Local Maximum A strategic trap where a team becomes stuck optimizing a design to its peak potential (the "local maximum") and fails to explore radical redesigns that could lead to a much higher performance peak (the "global maximum").
M
Metric Tree A visual model that deconstructs the North Star Metric into a hierarchy of actionable input metrics, showing how day-to-day work contributes to the company's ultimate goal.
Minimum Detectable Effect (MDE) The smallest lift in a metric that you want your test to be able to reliably detect. A smaller MDE requires a larger sample size.
Multivariate Testing (MVT) A form of experimentation that tests multiple variables and their combinations at the same time to identify which individual elements perform best and how they interact with each other. It requires a very large volume of traffic.
N
North Star Metric (NSM) The single, overarching metric that best captures the core value your product delivers to its customers and acts as a leading indicator of long-term success.
Novelty Effect The tendency for users, particularly long-time users, to react to a change simply because it is new, causing a temporary, artificial lift in metrics that fades over time.
O
Output Metrics High-level results, like the North Star Metric, that are the product of many smaller user actions (input metrics). Teams cannot change output metrics directly.
P
P-value In Frequentist statistics, the probability of observing your result (or a more extreme one) purely by chance, assuming the null hypothesis is true.

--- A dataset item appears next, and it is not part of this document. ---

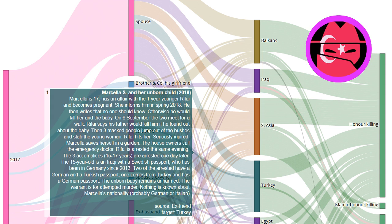The unborn baby remains unharmed. The warrant is for attempted murder. Nothing is known about Marcella's nationality, probably German or Italian.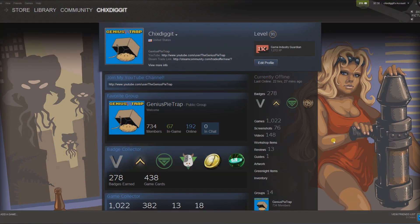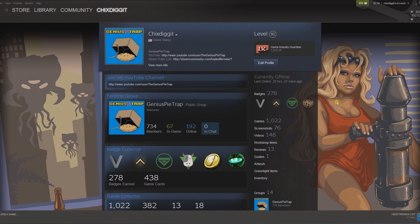What's up guys, geniuspy trap, and this is another Steam tutorial telling you how to identify anyone else's Steam profile background. I change my Steam profile backgrounds all the time and a lot of you people ask where that's from or where do you find it, and I'm going to tell you how to do that on anybody's profile without asking them.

A low p-value (typically < 0.05) indicates statistical significance.
Peeking The critical mistake of stopping a test as soon as it appears to be winning. This capitalizes on random fluctuations and dramatically increases the rate of false positives.

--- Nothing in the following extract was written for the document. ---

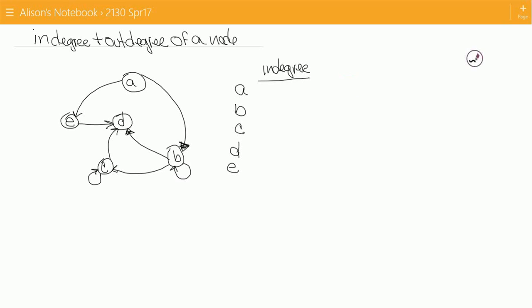The in-degree is how many arrows are pointing into a node. If I look at node A, I can see that there are no arrows pointing in, so the in-degree is zero. Node B has two arrows pointing in. Node C also has two arrows pointing in. D has three arrows pointing in — one, two, and three. And E only has one arrow pointing in.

PIE Framework A prioritization framework for ranking test ideas based on three criteria: Potential, Importance, and Ease.
Potential A criterion in the PIE framework that assesses how much room for improvement exists on a given page, prioritizing the worst-performing pages.

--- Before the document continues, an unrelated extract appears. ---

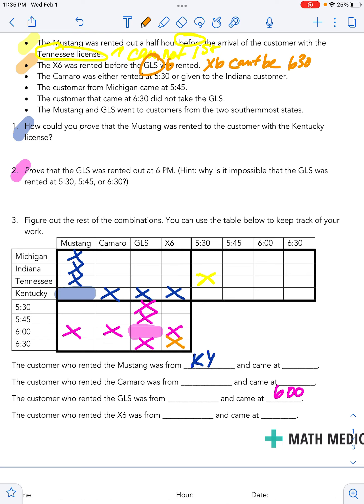The next statement says the Camaro was either rented at 5:30 or it was given to an Indiana customer. Both of those things are still in play. So I'm going to highlight the box, outline it, with the understanding that I could potentially fill in one of those spots. Camaro at 5:30 is definitely in play, or it could have been given to the Indiana customer. I'm not going to eliminate anything there because I don't know which one it is.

Primary Metric The single, pre-defined metric that will be used to determine the winner of an A/B test. It must be directly tied to the hypothesis.
R
Regression to the Mean The statistical tendency for extreme results (either very high or very low) to move closer to the average over time. It's why you should never stop a test early based on an exciting initial result.
Retention The stage in the user lifecycle and a category in the HEART framework that measures whether users come back to the product over time.
S
Sample Size The number of users or sessions required in each variation of a test to achieve statistically trustworthy results. It must be calculated before a test begins.
Sampling Bias An ethical and validity threat that occurs when the test audience is not representative of the overall user base, which can lead to skewed results and discriminatory outcomes.
Secondary Metric A metric that is monitored alongside the primary metric to provide additional context. See also: Guardrail Metric.
Statistical Power The probability that a test will correctly detect a real effect if one exists. The standard for power is typically 80%, meaning there is an 80% chance of avoiding a false negative (Type II Error).
Statistical Significance A measure of confidence (typically 95% or higher) that the observed difference between a variant and a control is due to the change made, not random chance.
Survivorship Bias A logical error where conclusions are drawn only from "surviving" subjects (e.g., users who completed a purchase), ignoring the valuable data from those who dropped out.
V
Variant The modified version of a page or feature that incorporates the change being tested, also known as the "challenger" or "Version B."
W
Win Rate The percentage of tests where the variant outperforms the control. It is often considered a vanity metric, as the true value of a program lies in its learning velocity and business impact, not just its wins.